Friday, December 29, 2006

What I said. . .

I know it is music to no one’s ears to hear me toot my own horn, but it is nice to see that I am not only one who found Gerald Ford’s post-parting confession cowardly and immoral. Marty Kaplan and RJ Eskow, each writing for the Huffington Post, take unflinching aim at the now dead president. First, Kaplan:

There was no national interest to be served by [Ford] keeping his thoughts to himself. Former presidents may constitute a kind of Skull & Bones, but speaking out to try to save us from our next "long national nightmare" would have been way more patriotic than preserving the towel-snapping bonhomie of the Ex-POTUS Society.

. . . .

Why do these people wait? What does it say about Washington's code of conduct that loyalty to patrons, power and Party outweighs loyalty to truth, to country, to national security, to tens of thousands of America's finest young people, now wounded or dead?


But, while Kaplan forgives Bob Woodward’s silence, giving him the “permission structure” to cut himself a sweet deal by embargoing the truth, Eskow does not:

Here's how to have it both ways in Washington while avoiding your civic duty: Turn your back on your professional responsibility when it might take some guts, but make sure a story comes out later that demonstrates how right you were all along. Am I referring to Bob Woodward, who suppressed an interview for two years that might have changed the course of history? Or do I mean Gerald Ford, who wants to be remembered well now that he's gone?

I mean both.

I think the world of Marty Kaplan, but I think he's wrong to reserve his criticism for Ford in the matter of this interview. Woodward bears responsibility, too, although Ford's moral transgression is greater. There are no words strong enough to describe the shame that should follow a former President who knew a war was wrong, yet remained silent out of partisan loyalty even as young Americans continued to die.

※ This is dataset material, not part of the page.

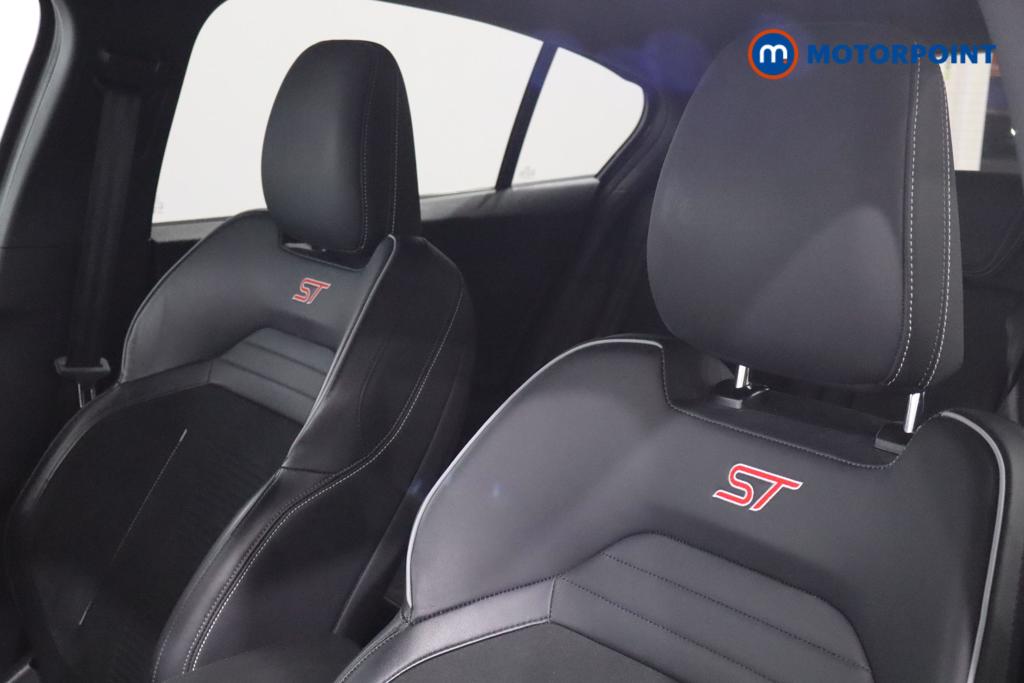 Ford Focus ST Manual Petrol Hatchback - Stock Number (1549272) - 22nd supplementary image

Gerald Ford's proper epitaph, had this interview not come to light, would have been: "He obstructed justice, but he was a nice guy." His Nixon pardon didn't "heal the nation," pundits notwithstanding. It outraged a nation that was hungry for justice after being lied to and manipulated. That's why he lost in 1976.

. . . .

Woodward and his journalistic ilk have created an environment where their fellow Washington insiders can encourage and promote a tragic mistake like Iraq, through their silence and their support for the Republicans in '04, then magically wipe their own records clean with a well-timed interview.

. . . .

In fact, Woodward's confessional booth serves the same purpose as Ford's pardon-in-advance technique: It allows the powerful to do wrong with the comforting knowledge that all can be smoothed over further down the road.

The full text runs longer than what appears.